The Ingram New Works Festival is here! Time to celebrate #newplay creation here in Nashville. The Festival isn’t just an opportunity to see great new plays first in Nashville before the rest of the country; it’s an opportunity for you to get to know the artists behind the plays. We sat down with 2015-2016 Ingram Playwright Kyle John Schmidt and asked him why he wrote this story.
Kyle: The idea for The Secretary began germinating a couple years ago after the Sandy Hook tragedy where a lone gunman broke into an elementary school and murdered dozens of children and teachers. While the entire country was embroiled in a debate about gun control, I became consumed by what was happening in my hometown.
My town is headquarters to the world’s largest supplier of gun parts and shooting accessories. When Sandy Hook happened, the company in my town was inundated with orders. They sold enough high-capacity ammunition magazines in the weeks following Sandy Hook to equal 3 years of demand. The people I grew up with got more overtime than they could handle, the company expanded into a larger location, and more people got hired. In short, business boomed. And I realized that my hometown was uniquely positioned to profit from the gun-buying binges that paradoxically surround gun-related tragedies.
And the more I thought about Sandy Hook, my town, and the economics of guns, the more I thought of my mom. She was an elementary teacher for years, but also has a deep, abiding love of guns. Some years ago, an Olympic marksman came to town and taught my mom and her friend Marge how to target shoot in a goat pasture. THIS. REALLY. HAPPENED. My mom got obsessed and guns soon became these unexpected touchstones of motherly love.

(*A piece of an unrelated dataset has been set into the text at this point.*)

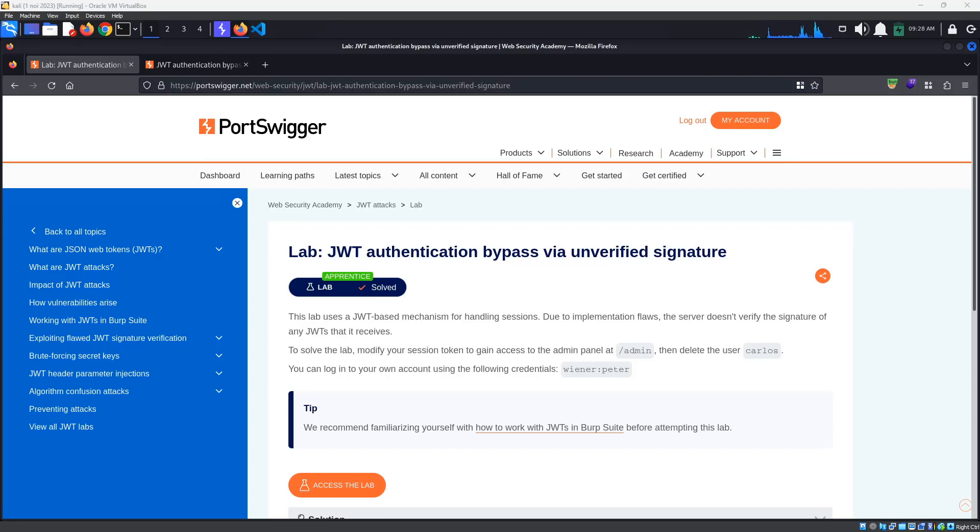Today's PortSwigger tutorial is entitled JSON Web Token Authentication Bypass via Unverified Signature. To solve the lab, we must access the admin panel and delete the user Carlos.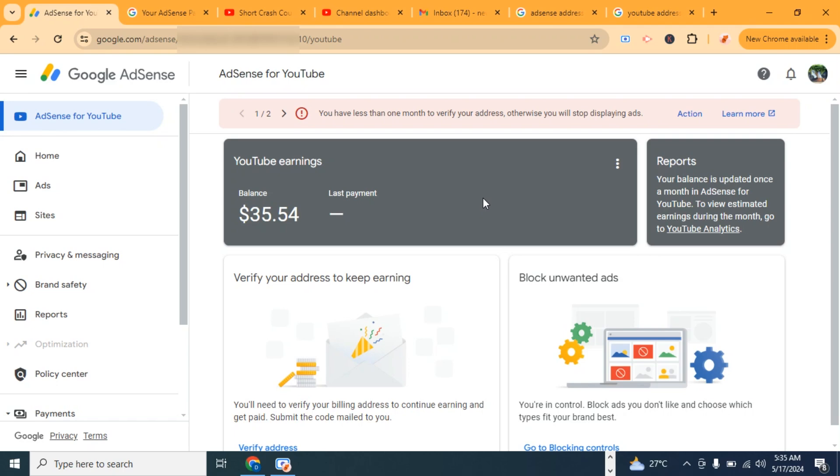For this to happen, you need to request a PIN and include your address. Google will send a six-digit PIN as a letter to the nearest post office close to your address. Once that PIN arrives, you're going to need that PIN to verify your address.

She offered hellish retribution if I was ever the victim of a crime (“Make sure they know that your mother carries.”) and enthusiastically welcomed guests to our house with a tour of her guns and a target shooting lesson (“But only if I like them.”) I, in turn, chided her with an amusing moniker (“Granny Guns”) and mythologized her adventures in gun-slinging with stories at parties a thousand miles away.
But I also realized that her newfound gun obsession didn’t grow in a vacuum: both of her parents had recently passed, me and my siblings had all left home, my dad had taken a job out of state, an ankle sprain was restricting her movement, and she was living alone for the first time in decades. Having a gun . . . or fifteen guns . . . made her feel safe, secure, powerful, and in control of a landscape that had irrevocably changed around her. And shooting with her friends became this joyful thing that got my her out of the house, into the world, and re-engaged with life.
So the more I thought about guns, the more they took on a kaleidoscope of meanings. They were objects of terror, tokens of love, life savers, job creators, and my mom’s new favorite sport. It was the horror, humor, and beauty of this kaleidoscope that brought me to writing The Secretary.
The Secretary | May 9 & 11
Ruby runs a gun company dedicated to arming women for self-protection. With products like The Bridesmaid, The Babysitter, and The Mallwalker, each of the company's guns is named after a woman who used a gun and saved a life- more often than not, her own. When an elderly secretary at the local high school confronts a threat in her office with six bullets, RUBY responds by naming her latest gun after the reluctant hero: “The Secretary.” But as production begins on The Secretary, guns start going off all around town- and no one’s pulling the trigger. The Secretary is an offbeat comedy about safety, survival, and guns for a world that’s up in arms.
*This play contains adult themes and language.